The Data Channel Offload support moves the processing of the OpenVPN data channel operations from the client process to the kernel, via the ovpn-dco-v2 kernel module. This means the encryption and decryption of the tunnelled network traffic is kept entirely in kernel space instead of being send back and forth between the kernel and the OpenVPN client process. This has the potential to improve the overall VPN throughput. This module must be installed before OpenVPN 3 Linux can make use of this feature. This is shipped in the OpenVPN 3 Linux package repositories or can be built from the source code.

The ovpn-dco kernel module currently only support Linux kernel 5.4 and newer. Currently supported distributions with DCO support:

  • Debian 11 and newer
  • Fedora 38 and newer
  • Red Hat Enterprise Linux 8 and newer
  • Ubuntu 20.04 and newer

SELinux support

The openvpn3-service-netcfg service depends on being able to pass a file descriptor to the tun device it has created on behalf of the openvpn3-service-client service (where each of these processes represents a single VPN session). This is done via D-Bus. But on systems with SELinux, the D-Bus daemon is not allowed to pass file descriptors related to /dev/net/tun.

The OpenVPN 3 Linux project ships two SELinux policy modules, which will be installed in /usr/share/selinux/packages.

The openvpn3.pp policy package adds a SELinux boolean, dbus_access_tuntap_device, which grants processes, such as dbus-daemon or dbus-broker daemon (running under the system_dbusd_t process context) access to files labelled as tun_tap_device_t; which matches the label of /dev/net/tun. Without this policy enabled, the openvpn3-service-netcfg service will not be able to create or manage TUN devices.

To install and activate this SELinux security module, as root run:

     # semodule -i /etc/openvpn3/selinux/openvpn3.pp
     # semanage boolean --m --on dbus_access_tuntap_device

For users installing the pre-built RPM binaries, this is handled by the RPM scriptlet during package install.

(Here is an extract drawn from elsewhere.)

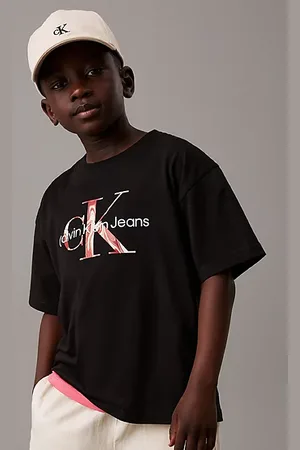 Calvin Klein T-shirt met swirl-logo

The second policy module, openvpn3_service.pp, will confine both the openvpn3-service-netcfg and openvpn3-service-client processes into their own SELinux process contexts (openvpn3_netcfg_t and openvpn3_client_t). See the src/selinux/openvpn3_service.te source for more details.

For the RPM builds, both SELinux policies are provided in the openvpn3-selinux package.

Logging

Logging happens via openvpn3-service-logger. If not started manually, it will automatically be started by the backend processes needing it. The default configuration sends log data to syslog or systemd-journald, depending on the Linux distribution. Unless --syslog, --journald or --log-file is provided, it will log to the console (stdout).

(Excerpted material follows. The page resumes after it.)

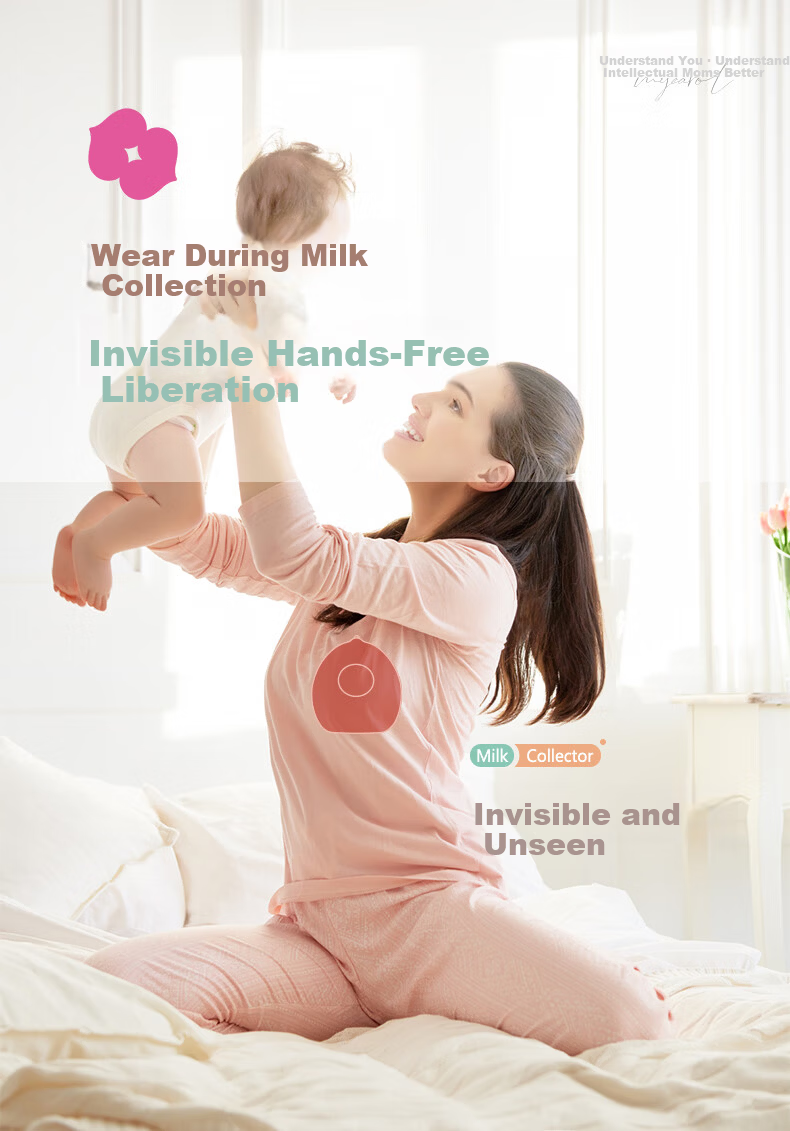 MyCarol Wearable Hands-Free Manual Breast Milk Collector Shield Leak-Proof Single Unit BP-A13 13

Real-time log events can be received on a per-session level, by using the openvpn3 log command.

This log service is managed via openvpn3-admin log-service. For systems using systemd-journald, the openvpn3-admin journal command provides a convenient approach to retrive only OpenVPN 3 Linux related log entries from the systemd journal.

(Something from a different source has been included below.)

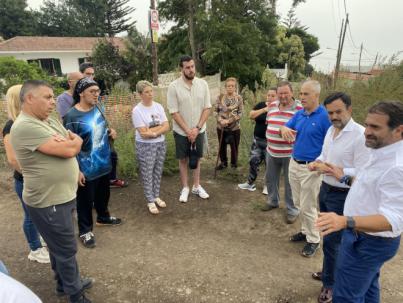 El PP denuncia que las obras del anillo dejan incomunicados a los vecinos de La Asomada y Las Castras, en El Tanque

For more information about logging, see the openvpn3-service-logger(8), man page, D-Bus Logging and net.openvpn.v3.log D-Bus service documentation.

Debugging

For information about debugging, please see docs/debugging.md

Building from source

For information about building OpenVPN 3 Linux from source, please see BUILD.md.

Contribution

  • Code contributions Code contributions are most welcome. Please submit patches for review to the [email protected] mailing list. All patches must carry a Signed-off-by line and must be reviewed publicly before acceptance. Pull requests are not acceptable unless it is for early reviews and patch discussions. Final patches MUST go to the mailing list.

  • Testing This code is quite new, but has been used a lot in various setups. Please reach out on libera.chat @ #openvpn for help and discussing issues you encounter, or subscribe to and ask on the [email protected] mailing list.

  • Packagers We are beginning to targeting packaging in Linux distributions. The Fedora Copr repository is one which is currently available. We are looking for people willing to package this in other Linux distributions as well.